PROBLEM REQUIREMENTS> Write down the lines exactly as they appear, from the one that contains "Negozio / Locale in vendita a Caltanissetta" through the final line of the records, so that both ends are kept and no pictures come along.
== Segment start ==
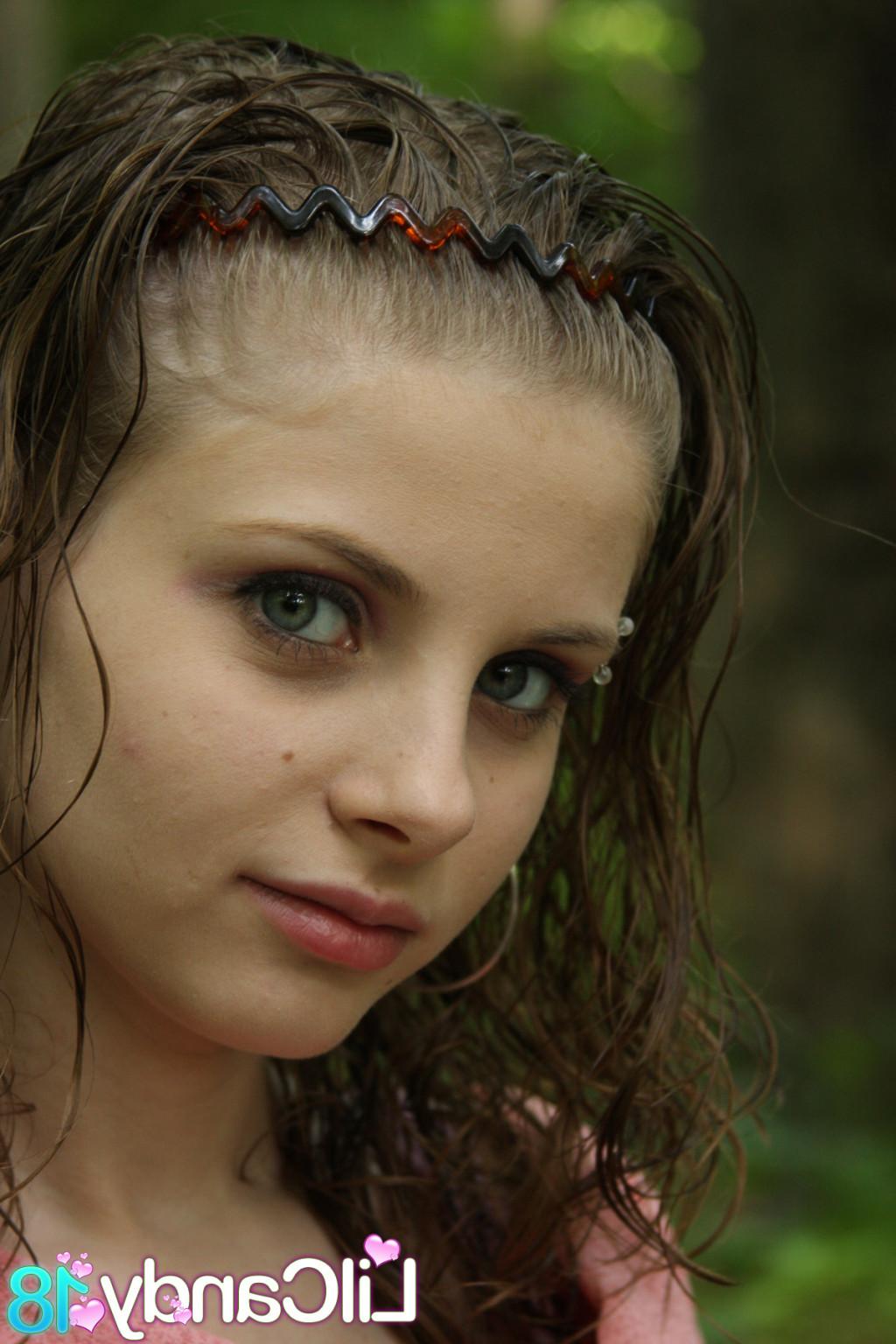 16P Little teen girl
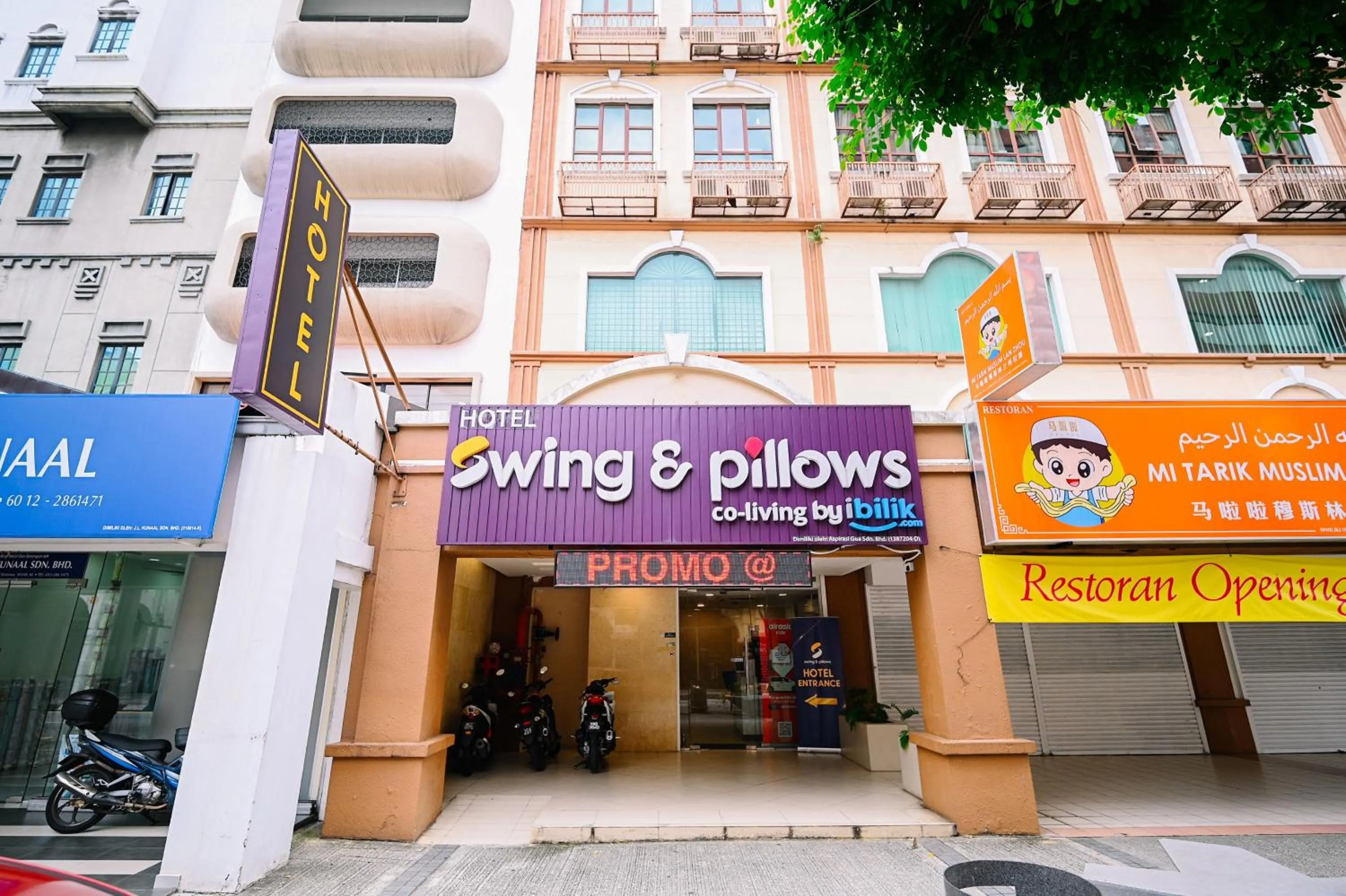 Swing & Pillows - Dataran Merdeka Kuala Lumpur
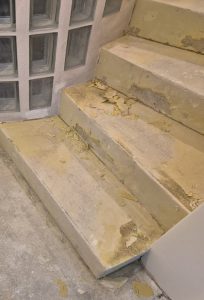 Escalier en maçonnerie avec des restes de moquette collée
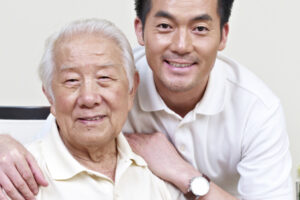 有照服员接失智爸爸回家、陪他聊天，我很放心！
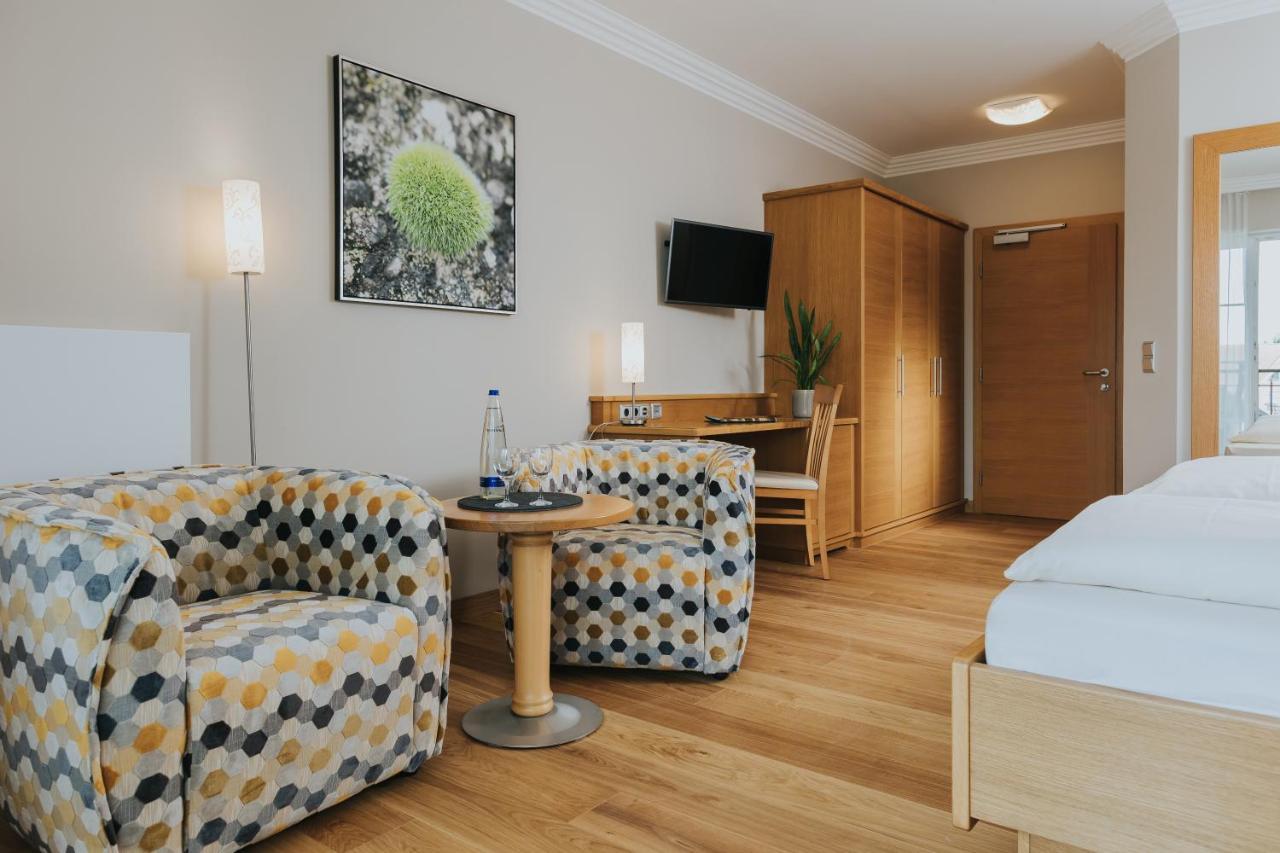 Ortner'S Resort บาดฟึสซิง ภายนอก รูปภาพ A typical room at the Hotel Waldhaus Flims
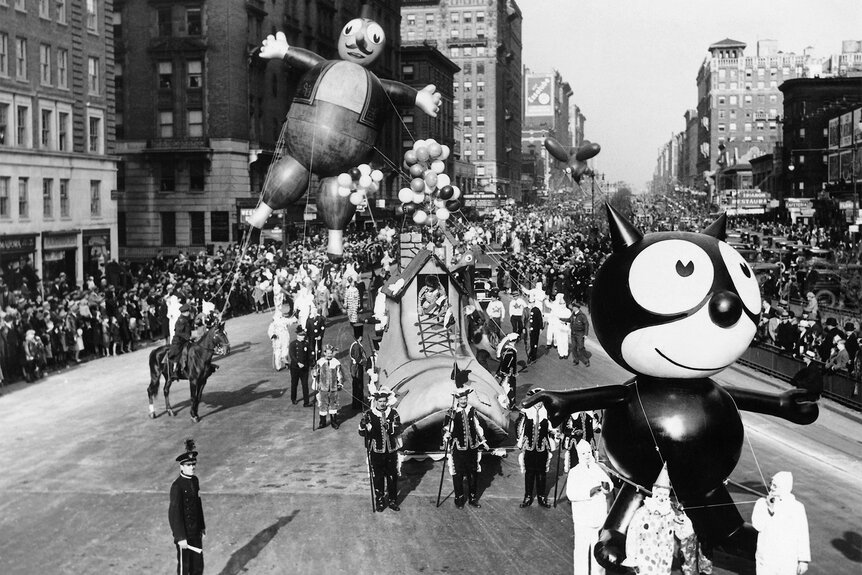 the annual Macy's Thanksgiving Day Parade, 24th November 1932.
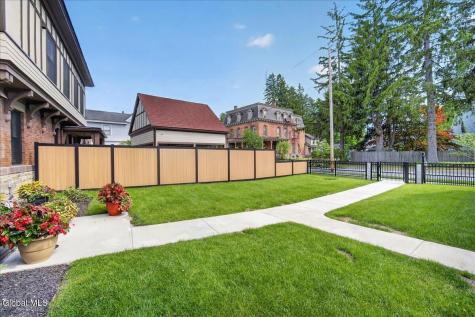 122 Regent Street Saratoga Springs NY 12866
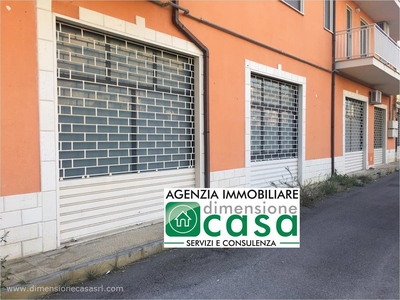 Negozio / Locale in vendita a Caltanissetta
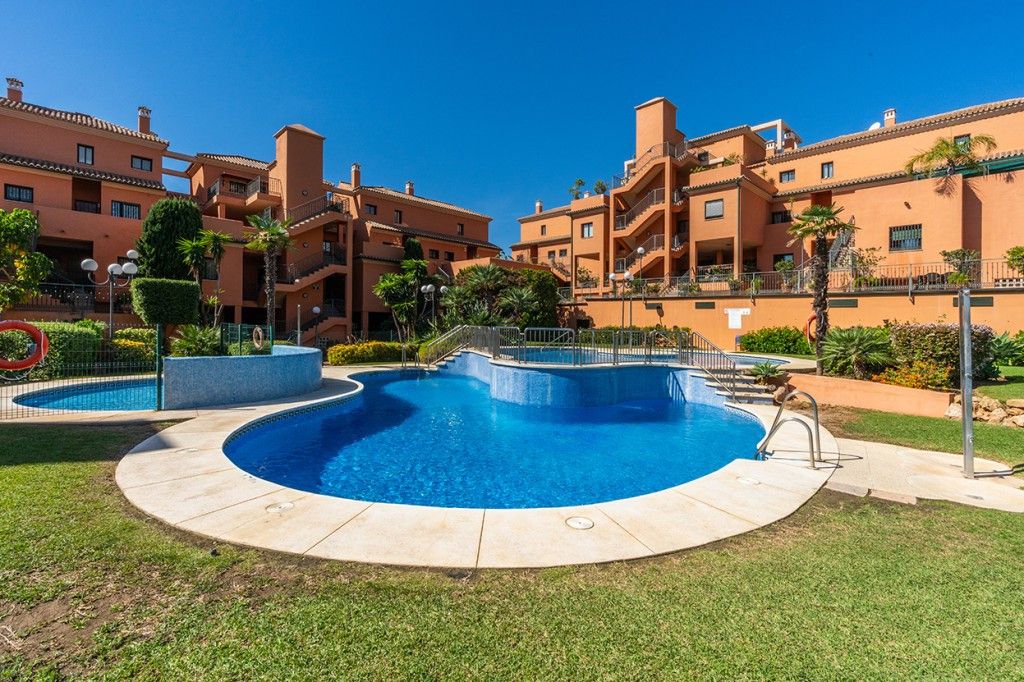 Middle Floor Apartment in Elviria, Elviria, 1/12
== Segment end ==
FINISHED EXERCISE>
 Negozio / Locale in vendita a Caltanissetta
 Middle Floor Apartment in Elviria, Elviria, 1/12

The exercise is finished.